▸ **Task directions**
Below are the records; extract from them the line containing "ps pure linen" to the line containing "<p>Using a TE", both lines included, exactly and with no pictures.

▸ **The data**
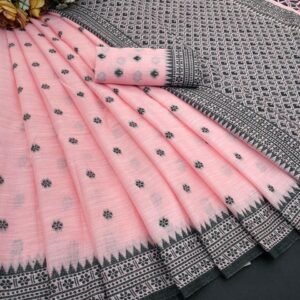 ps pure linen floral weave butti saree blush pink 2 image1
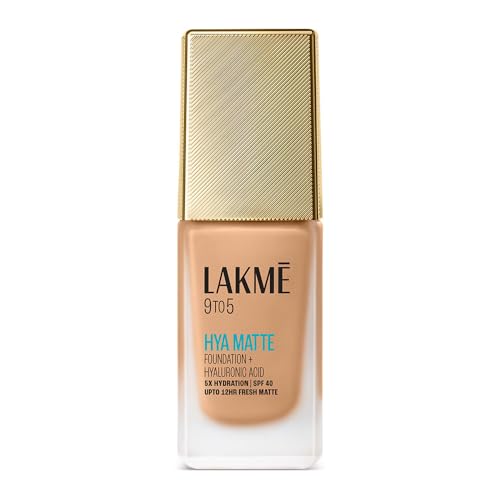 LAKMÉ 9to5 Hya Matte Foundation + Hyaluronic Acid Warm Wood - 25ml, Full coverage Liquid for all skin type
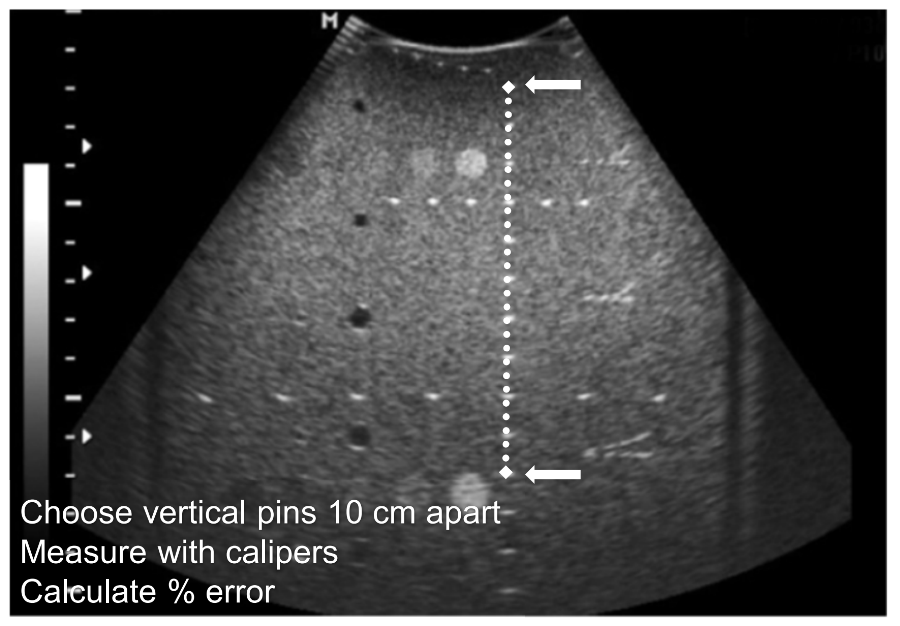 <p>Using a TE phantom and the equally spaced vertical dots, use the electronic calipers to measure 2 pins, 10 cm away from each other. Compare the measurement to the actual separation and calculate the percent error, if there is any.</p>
--
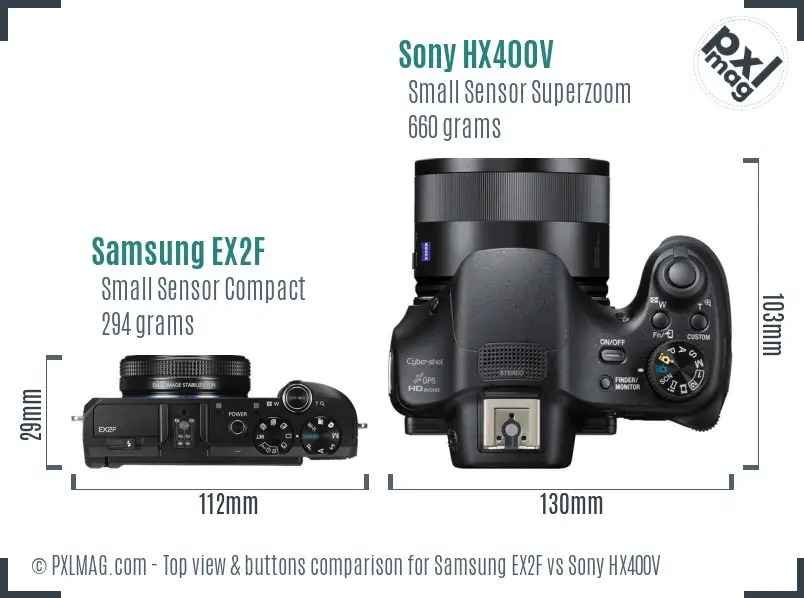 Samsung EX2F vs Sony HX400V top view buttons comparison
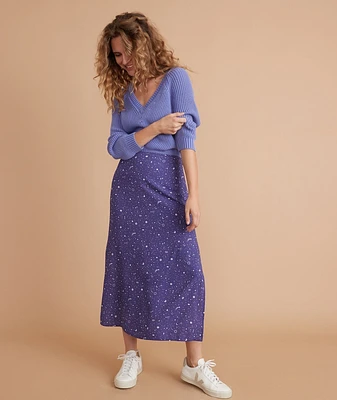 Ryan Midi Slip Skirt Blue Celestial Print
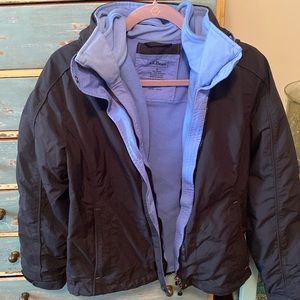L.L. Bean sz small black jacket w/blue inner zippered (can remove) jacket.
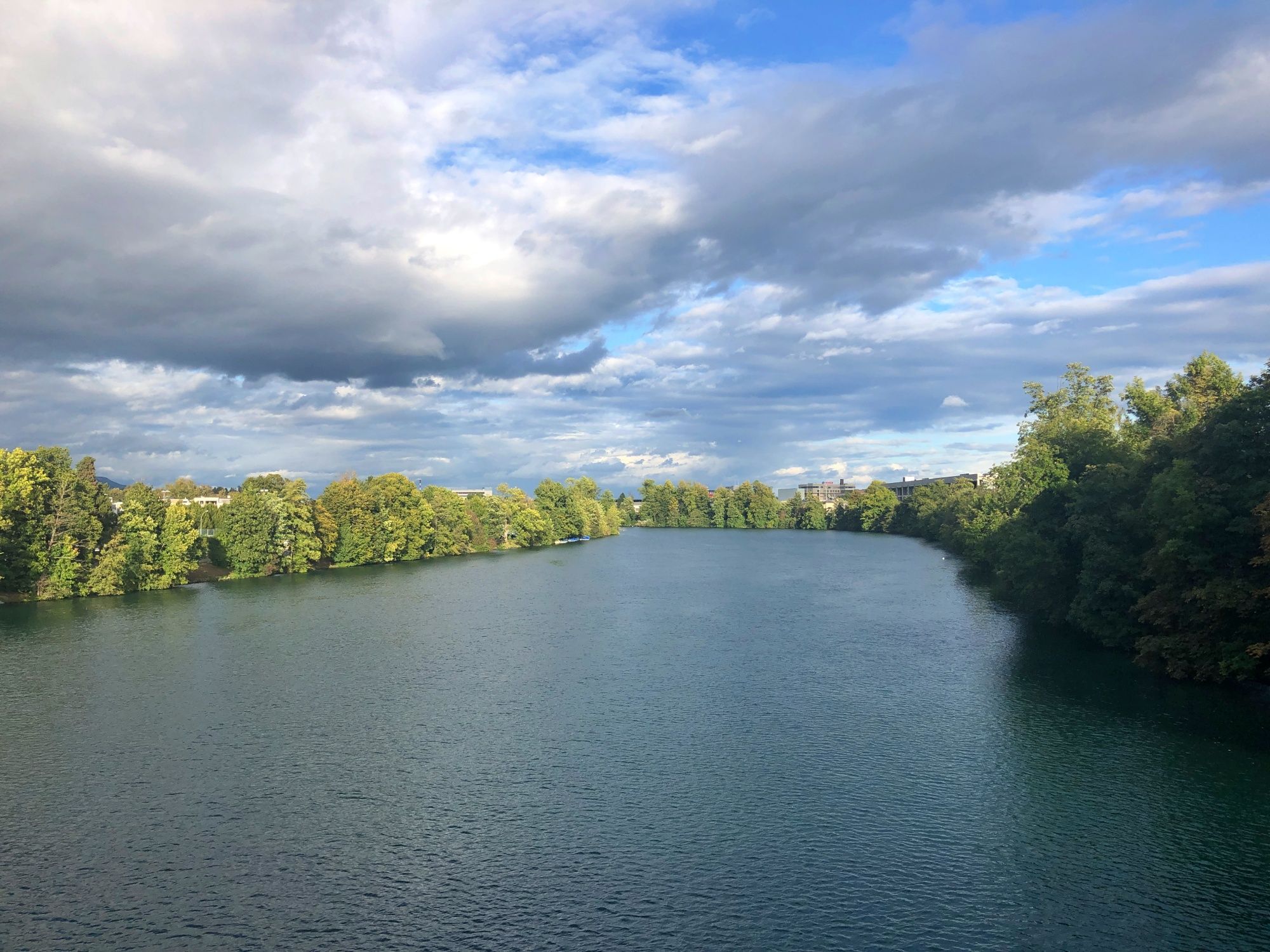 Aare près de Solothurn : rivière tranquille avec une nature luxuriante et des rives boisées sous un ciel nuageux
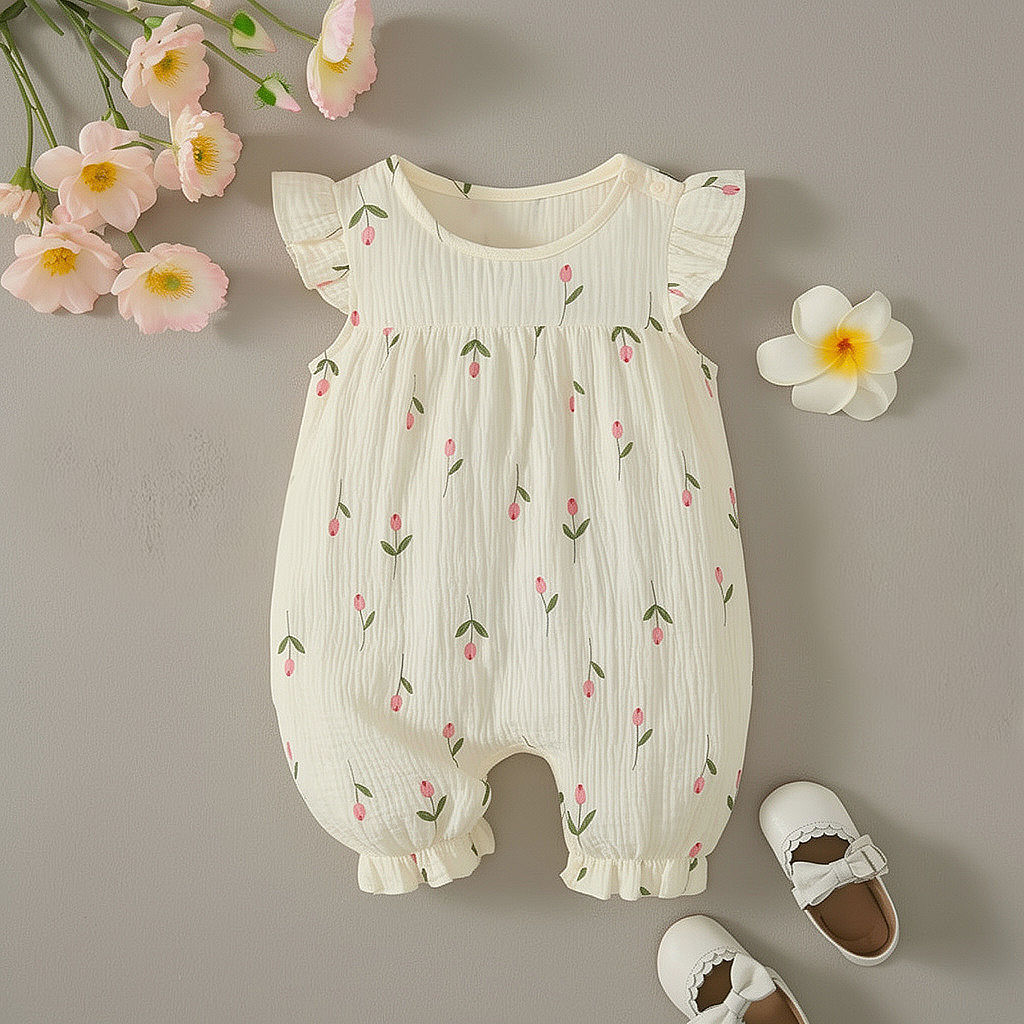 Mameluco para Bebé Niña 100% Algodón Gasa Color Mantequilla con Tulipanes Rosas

▸ **Written response**
 ps pure linen floral weave butti saree blush pink 2 image1
 LAKMÉ 9to5 Hya Matte Foundation + Hyaluronic Acid Warm Wood - 25ml, Full coverage Liquid for all skin type
 <p>Using a TE phantom and the equally spaced vertical dots, use the electronic calipers to measure 2 pins, 10 cm away from each other. Compare the measurement to the actual separation and calculate the percent error, if there is any.</p>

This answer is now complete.